%%
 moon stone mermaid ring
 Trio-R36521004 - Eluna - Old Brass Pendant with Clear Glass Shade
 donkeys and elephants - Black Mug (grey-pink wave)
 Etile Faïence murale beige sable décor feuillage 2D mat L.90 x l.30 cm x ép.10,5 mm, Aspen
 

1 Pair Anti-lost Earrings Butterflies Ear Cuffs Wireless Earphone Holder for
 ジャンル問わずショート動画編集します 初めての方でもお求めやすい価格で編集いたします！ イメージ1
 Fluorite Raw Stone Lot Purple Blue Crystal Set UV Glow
%%
AIM OF THE TASK: Copy out each entry exactly, leaving nothing out.

THE COMPLETED TASK:
 moon stone mermaid ring
 Trio-R36521004 - Eluna - Old Brass Pendant with Clear Glass Shade
 donkeys and elephants - Black Mug (grey-pink wave)
 Etile Faïence murale beige sable décor feuillage 2D mat L.90 x l.30 cm x ép.10,5 mm, Aspen
 

1 Pair Anti-lost Earrings Butterflies Ear Cuffs Wireless Earphone Holder for
 ジャンル問わずショート動画編集します 初めての方でもお求めやすい価格で編集いたします！ イメージ1
 Fluorite Raw Stone Lot Purple Blue Crystal Set UV Glow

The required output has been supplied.